Die meisten Unternehmen verfügen in der Regel über enorme Mengen an Daten, die sie prinzipiell für Chatbots, Wissensassistenten oder die Erstellung von Inhalten nutzen könnten. Oftmals sind derartige Daten allerdings unstrukturiert und können aufgrund fehlender Qualitätskontrollen nicht in KI-Anwendungen eingespeist werden – angefangen von veralteten Dokumenten bis hin zu sensiblen Berichten, die einer Geheimhaltung unterliegen.

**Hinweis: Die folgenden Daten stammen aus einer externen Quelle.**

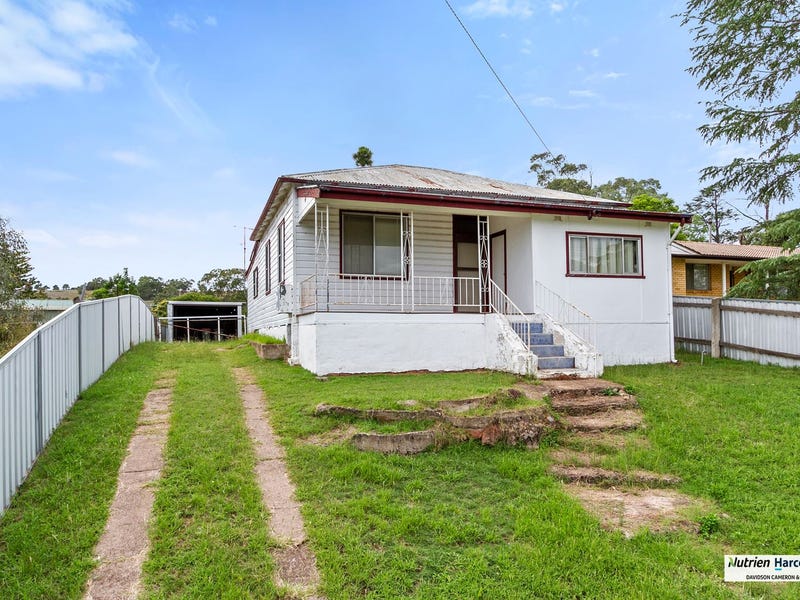 Real Estate & Property for Sale in Werris Creek, NSW 2341 realestate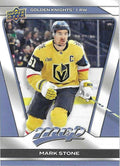 Mark Stone #192 Vegas Golden Knights | 2025-26 Upper Deck MVP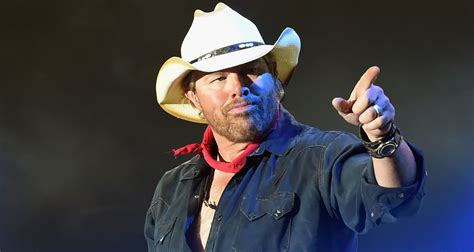 New Toby Keith Single To Impact Country Radio Country Now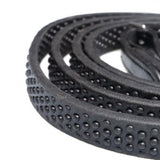 Ovation Biogrip Rubber English Reins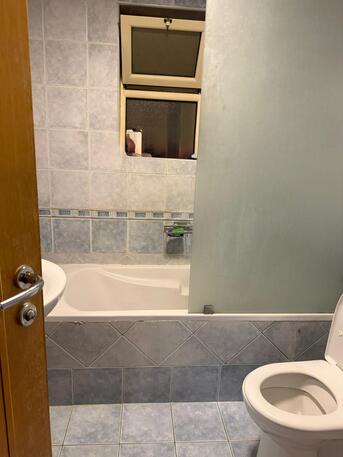 Al Seef, Apartments/Houses, BHD 150/month,  Furnished,  1 BR,  Fully Furnished Room For Rent With Attached Bathroom For Couple Or Executive Bachelor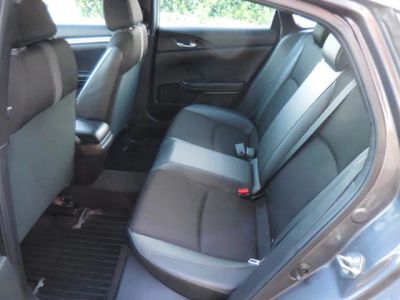 2020 HONDA CIVIC — photo 11 view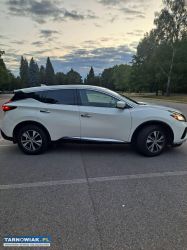 Nissan murano z52 | 4x4 | 3.5 v6 | lpg | 2020 - Obrazek 2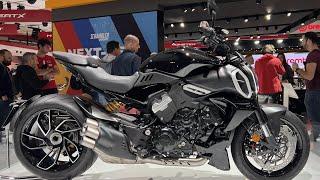 2023 The 20 Best Upcoming Bikes Debut at Eicma 2022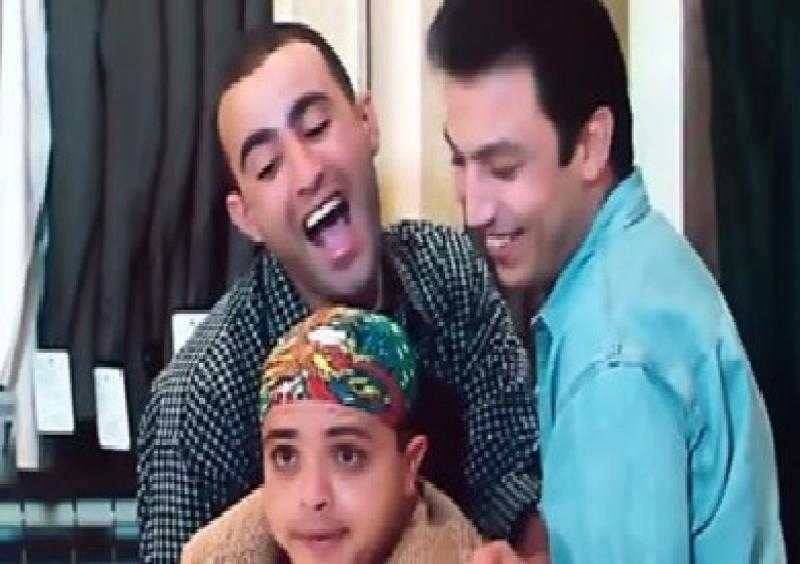مدحت العدل عن «صعيدي في الجامعة الأمريكية 2» : الموضوع موجود.. وأرغب في تقديمه
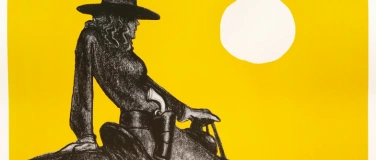 Event-Image for 'Ausstellung «Christophe Blain. Paradis perdus»'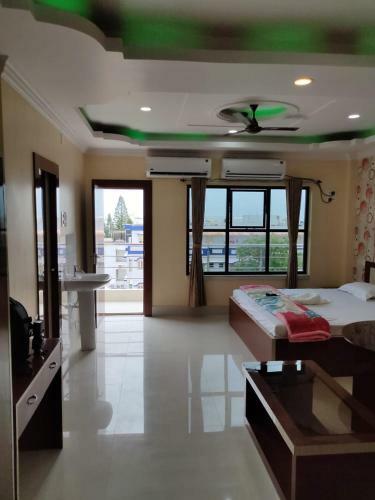 Hotel Royal Sunview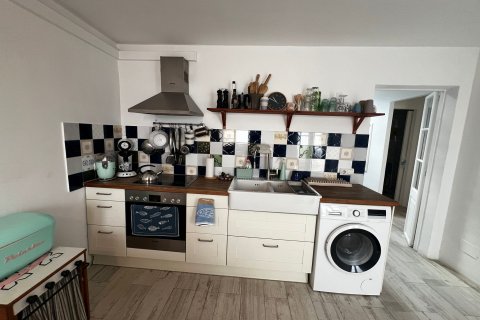 Casa adosada en alquiler en Palma de Mallorca, Mallorca, España 3 dormitorios, 120 m2 No. 160928 - foto 4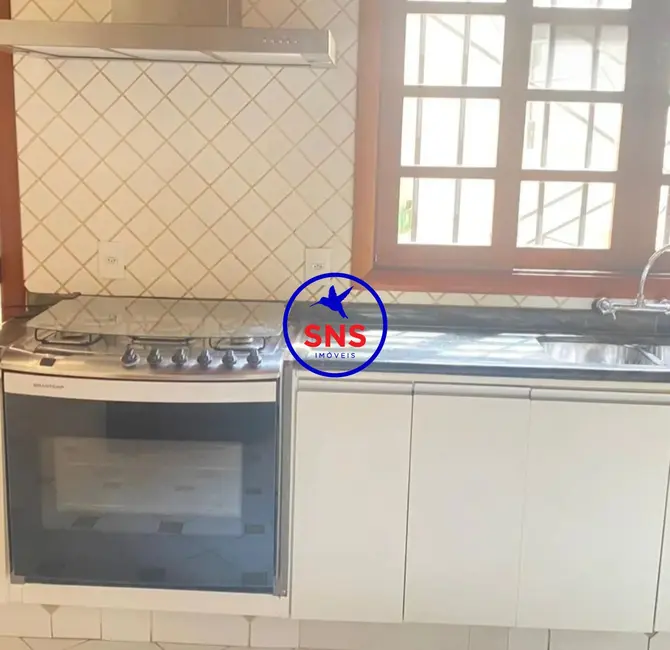 Casa de Condomínio com 3 quartos à venda e para alugar, 380m2 em Bairro das Palmeiras, Campinas - SP - imagem 8 Foto 8 de Casa de Condomínio com 3 quartos à venda e para alugar, 380m2 em Bairro das Palmeiras, Campinas - SP
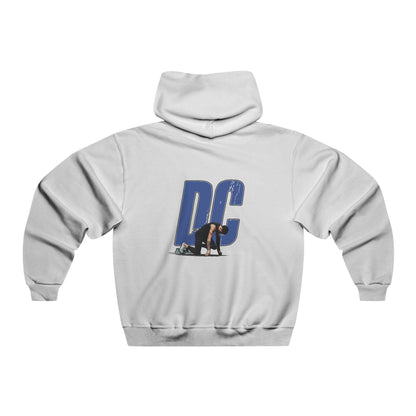 Donovan Cruse Vintage Hoodie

Österreicher als Co-Founder von Deasie

Abhilfe möchte künftig das 2023 gegründete US-amerikanische Startup Deasie schaffen. Das Unternehmen mit dem österreichischen Co-Founder Leonard Platzer hat eine Plattform entwickelt, die in der Lage ist, Tausende von Dokumenten zu filtern und zu strukturieren. Mit Hilfe der Technologie sollen so Daten für generative KI-Anwendungen aufbereitet werden. Ziel ist es, generative KI-Modelle – insbesondere Large-Language-Modelle (LLM) nach dem Vorbild von OpenAIs GPT-4 – zuverlässiger zu machen, so das Startup.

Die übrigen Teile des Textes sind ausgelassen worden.